You are an artillery offcer attached to Gaius Julius Caesar's Xth Legion in the Gallic War
(1st C. BCE). You are responsible for a catapult, a device with a long spoonlike arm used
to lob stones or pumpkins over the walls of Gallic oppida. These fortresses are protected by
high walls rising from a deep, wide moat; you must fire your missiles from the far side of the
moat. You are expected to fire forward.
a) Caesar has asked you for an algebraic formula for the maximum height of wall you
can clear from across a moat of width x, if the initial speed of your projectile is v0,
the magnitude of the acceleration of gravity is g, and you can launch at any angle you
choose. What formula do you give him?* Assume aerodynamic forces are negligible
and disregard the height of the catapult itself.
b) For a certain value of x your formula gives zero height.
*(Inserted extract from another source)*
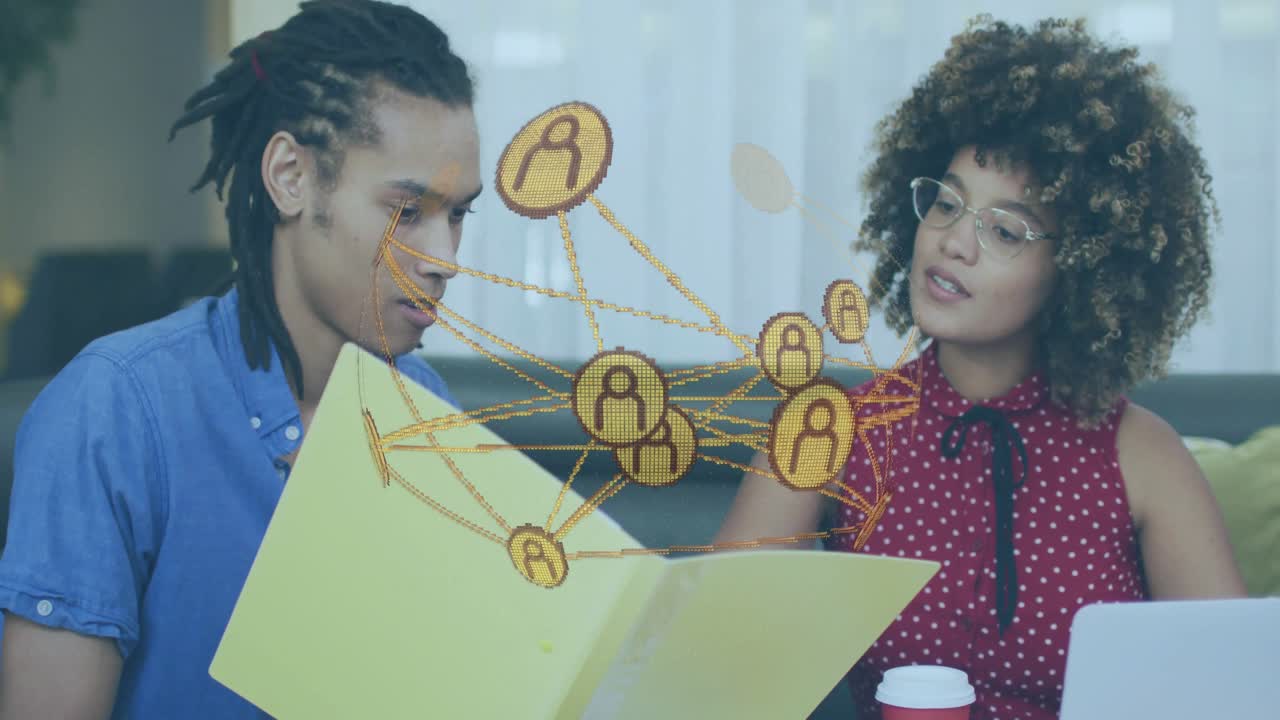 Man opening folder launching holographic tech network, woman pointing at nodes for insight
Explain why-to what does
this correspond?
c)When you shoot to clear a wall of maximum height per the formula of part a, is your
missile ascending, descending, or at the peak of its trajectory when it clears the wall?
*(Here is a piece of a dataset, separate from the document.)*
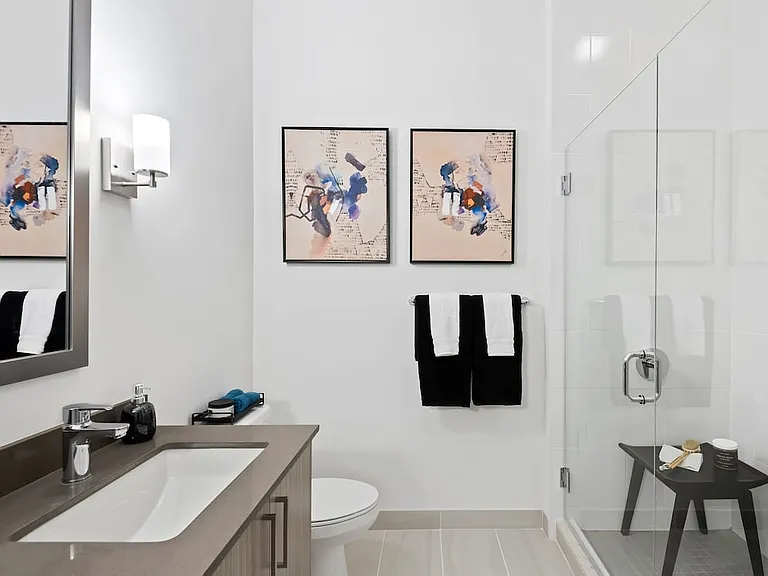 Primary bath with grey quartz countertops and hard-surface vinyl plank flooring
a) The formula for the maximum height of the wall you can clear from across a moat of width x, with an initial speed of v0 and gravity acceleration of g, can be derived using the principles of projectile motion. We can use the kinematic equations to determine the maximum height.
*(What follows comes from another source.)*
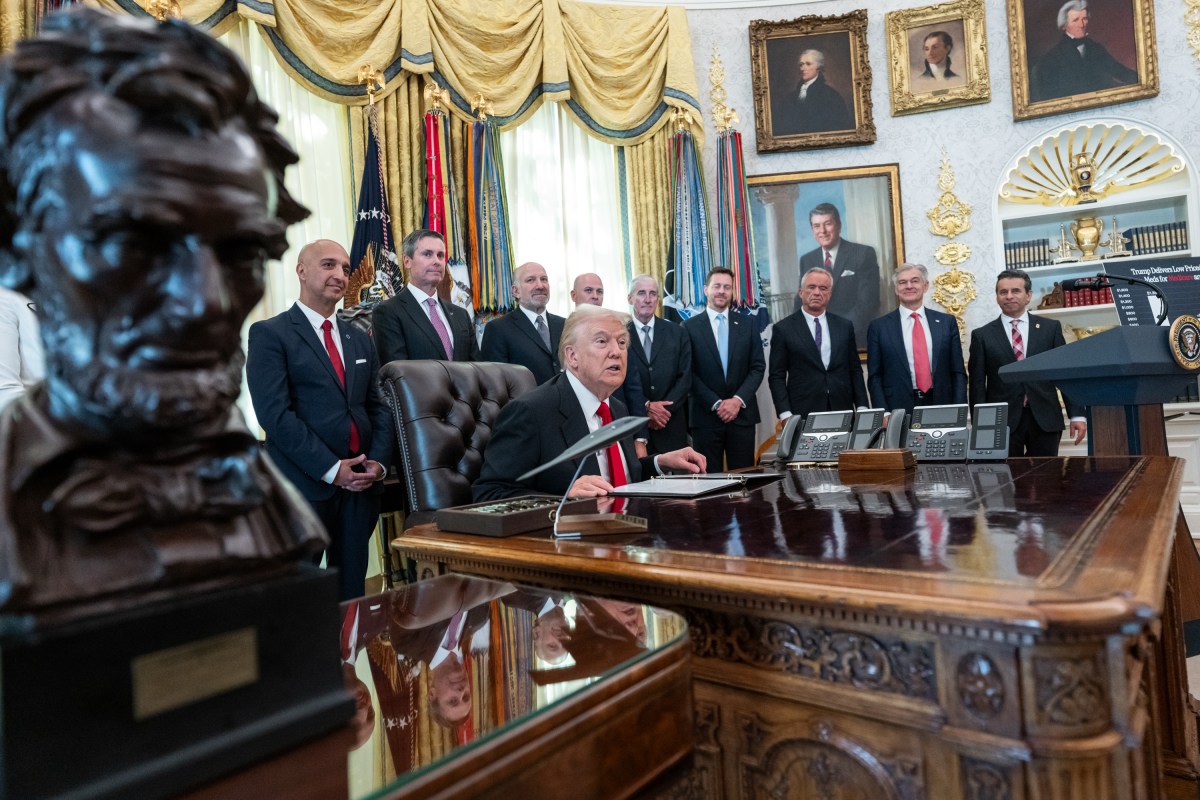 President Donald Trump makes an announcement on lowering drug prices alongside pharmaceutical representatives and Cabinet members in the Oval Office, Thursday, November 6, 2025. (Official White House Photo by Abe McNatt)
Let's assume the launch angle of the projectile is θ, and the time it takes to reach the other side of the moat is t. The horizontal distance (range) traveled by the projectile is equal to the width of the moat, which is x.
Using the equation for horizontal distance: x = v0 * cos(θ) * t
Since we want to find the maximum height, we need to find the time it takes for the projectile to reach that height. We know that at the maximum height, the vertical velocity (vy) will be zero.
Using the equation for vertical velocity: vy = v0 * sin(θ) - g * t
Setting vy equal to zero and solving for t, we get: t = v0 * sin(θ) / g
Substituting this value of t into the equation for horizontal distance, we have: x = v0 * cos(θ) * (v0 * sin(θ) / g)
Simplifying, we get: x = (v0^2 * sin(2θ)) / g
Rearranging the equation to solve for the maximum height (h), we get: h = (v0^2 * sin^2(θ)) / (2g)
So, the algebraic formula for the maximum height of the wall you can clear is h = (v0^2 * sin^2(θ)) / (2g).
b) If the formula gives a zero height for a certain value of x, it means that there is no launch angle θ that would allow you to clear a wall of that particular width (x). In this case, it corresponds to the situation where the projectile would not reach a height above the wall but instead hit the wall directly. Therefore, it would be impossible to clear a wall with that specific width using the given initial speed and gravity.
c) When you shoot to clear a wall of maximum height per the formula in part a, your missile is at the peak of its trajectory when it clears the wall. At the peak of its trajectory, the vertical velocity of the projectile becomes zero before it starts descending. This means that the missile has reached its maximum height and is about to start descending when it clears the wall.